§ **Data to examine**:
===============

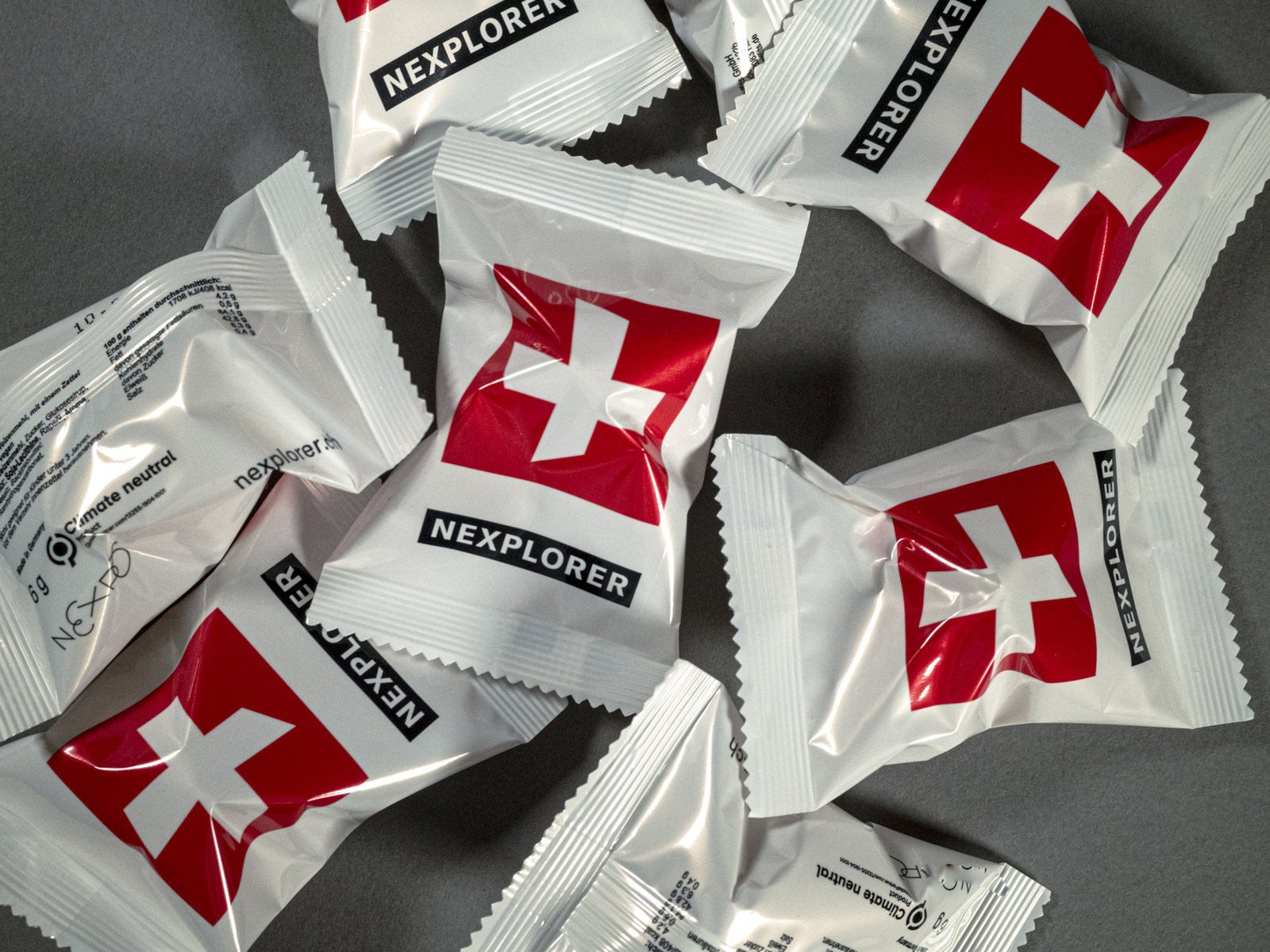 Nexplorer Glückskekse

===============

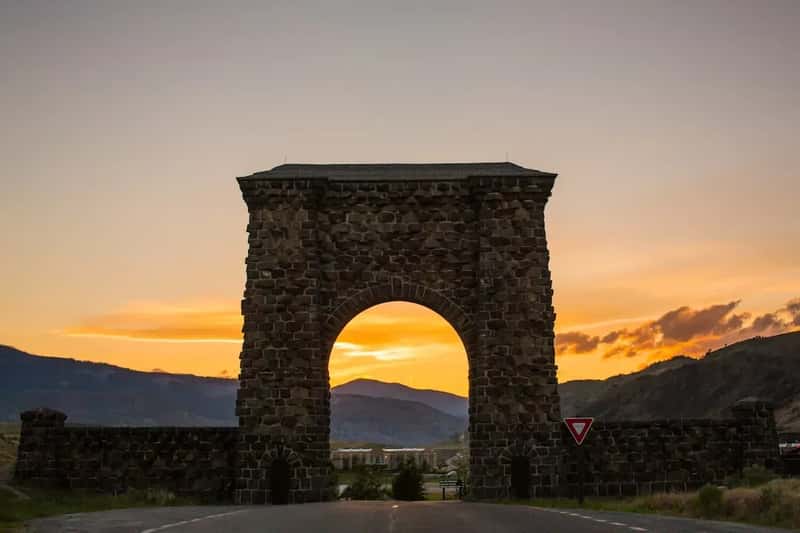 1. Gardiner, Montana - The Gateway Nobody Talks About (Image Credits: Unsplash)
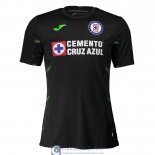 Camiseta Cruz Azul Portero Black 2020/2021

===============

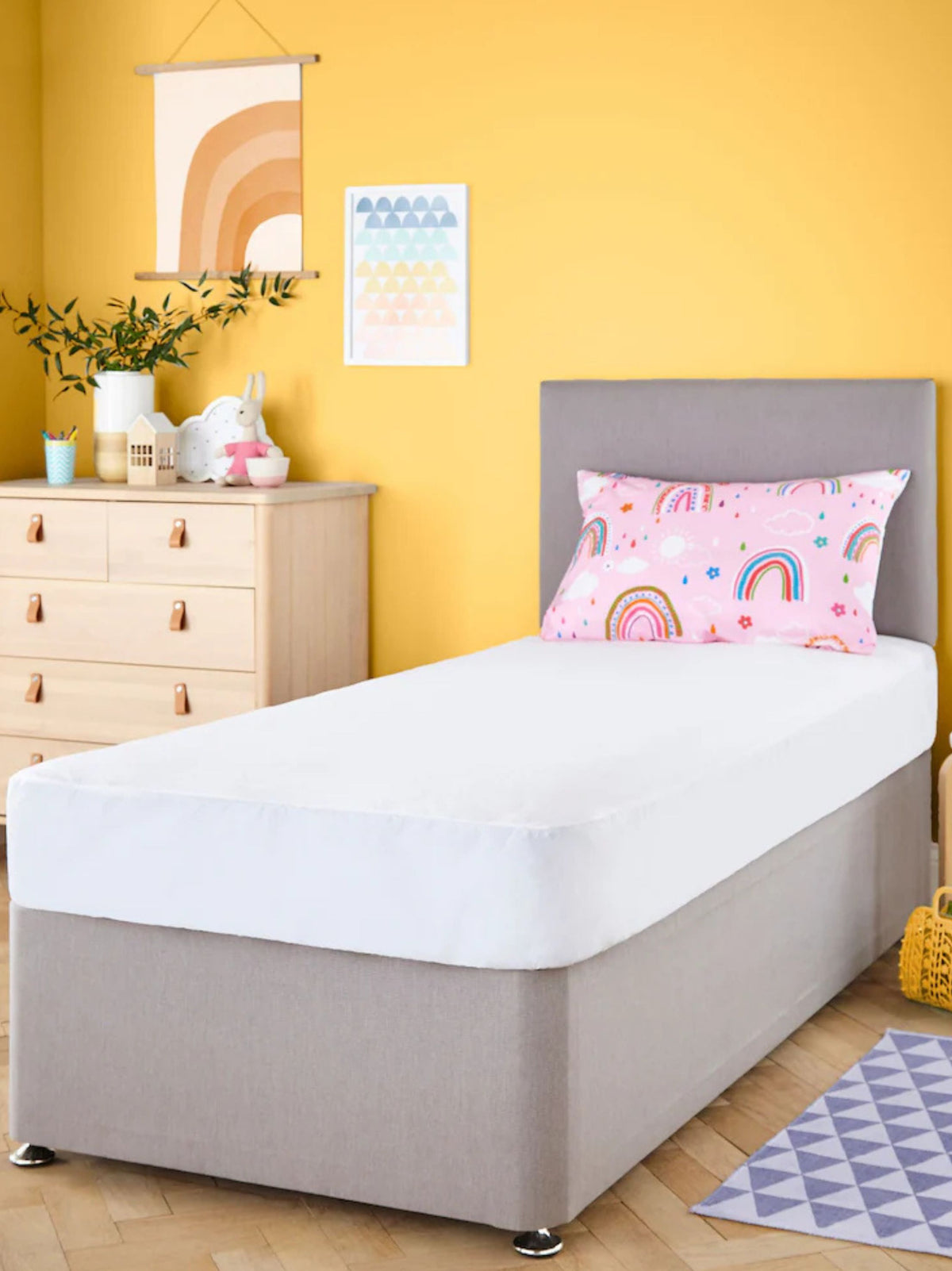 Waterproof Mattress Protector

===============

§ **Exercise objective**: Output exactly the lines above that lie between the line with "1. Gardiner, Montana" and the line with "Camiseta Cruz Azul Portero Black 2020/2021", those two lines included, and no pictures.

§ **Completed exercise**:
 1. Gardiner, Montana - The Gateway Nobody Talks About (Image Credits: Unsplash)
 Camiseta Cruz Azul Portero Black 2020/2021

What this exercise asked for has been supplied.